As the LQS was developed to discover problematic translations of the YouTube interface and allow focused quality improvement efforts, it was made available in over 60 languages and data were gathered for all these versions of the YouTube interface. To understand the quality of each UI version, we compared the results for the translated versions to the source language (here: US-English). We inspected first the global item, in combination with Linguistic Correctness and Readability. Second, we inspected each item separately, to understand which notion of Linguistic Correctness or Readability showed worse (or better) values. Here are some results:
  • The data revealed that about one third of the languages showed subpar language quality levels, when compared to the source language.
  • To understand the source of these problems and fix them, we analyzed the qualitative feedback users had provided (every time someone selected the lower two end scale points, pointing at a problem in the language, a text box was surfaced, asking them to provide examples or links to illustrate the issues).

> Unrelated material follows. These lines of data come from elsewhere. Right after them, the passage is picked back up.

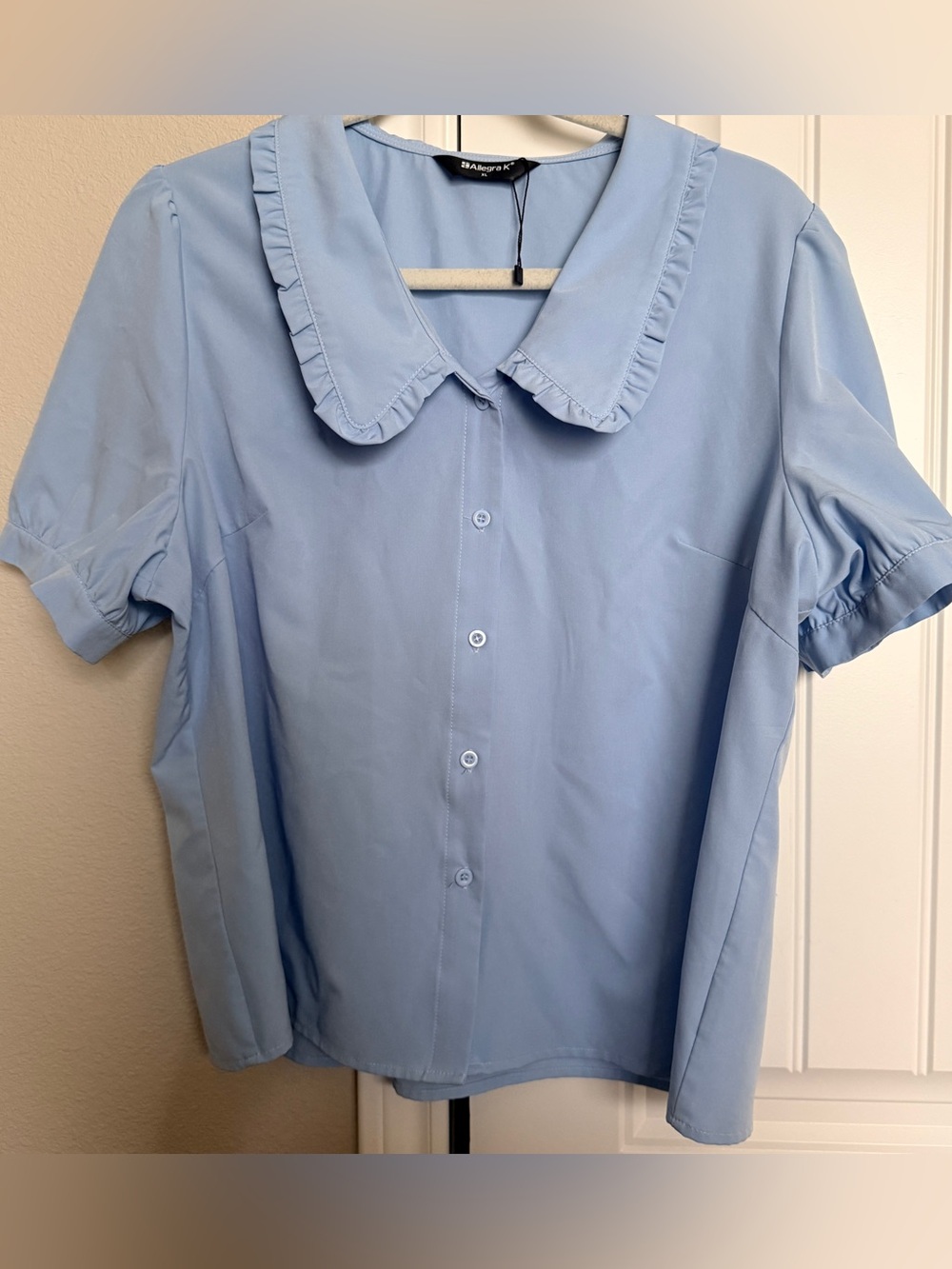 Allegra K Light Blue Blouse with Ruffle Collar Size XL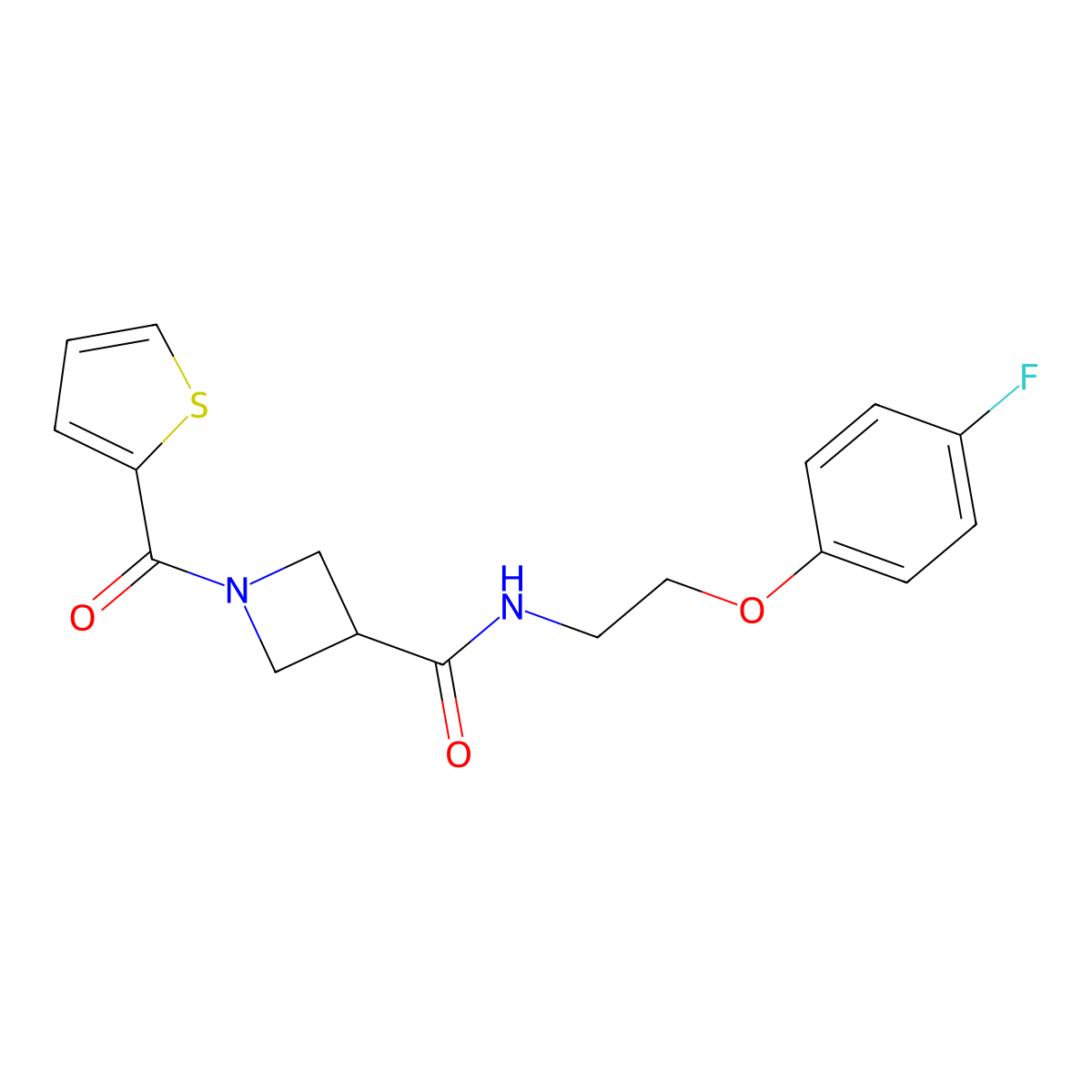 N-[2-(4-fluorophenoxy)ethyl]-1-(thiophene-2-carbonyl)azetidine-3-carboxamide molecular structure, CAS 1286699-34-0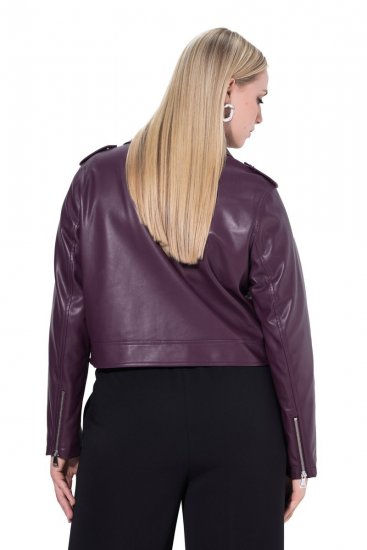 Ulla Popken 845121 Kunstnahast bikerjope Ploom - Joped - Suured naiste jakid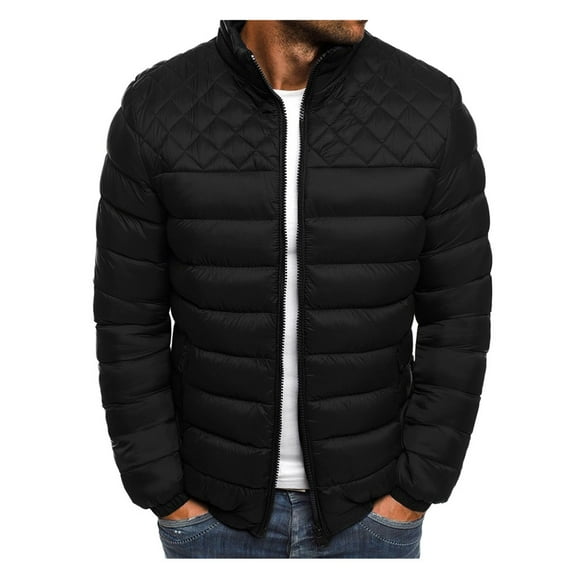 IYTR Mens Winter Jacket Solid Color Comfy Keep Warm Down Jacket with Pocket Long Sleeve Jacket Zipper Stand-Up Collar Black L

  • The analysis of these comments provided linguists with valuable feedback of various kinds. For instance, users pointed to confusing terminology, untranslated words that were missed during translation, typographical or grammatical problems, words that were translated but are commonly used in English, or screenshots in help pages that were in English but needed to be localized. Some users also pointed to readability aspects such as sections with old fashioned or too formal tone as well as too informal translations, complex technical or legal wordings, unnatural translations or rather lengthy sections of text. In some languages users also pointed to text that was too small or criticized the readability of the font that was used.
  • In parallel, in-depth expert reviews (so-called “language find-its”) were organized. In these sessions, a group of experts for each language met and screened all of YouTube to discover aspects of the language that could be improved and decided on concrete actions to fix them. By using the LQS data to select target languages, it was possible to reduce the number of language find-its to about one third of the original estimation (if all languages had been screened).
LQS has since been successfully adapted and used for various Google products such as Docs, Analytics, or AdWords. We have found the LQS to be a reliable, valid and useful tool to approach language quality evaluation and improvement. The LQS can be regarded as a small piece in the puzzle of understanding and improving localization quality. Google is making this survey broadly available, so that everyone can start improving their products for everyone around the world.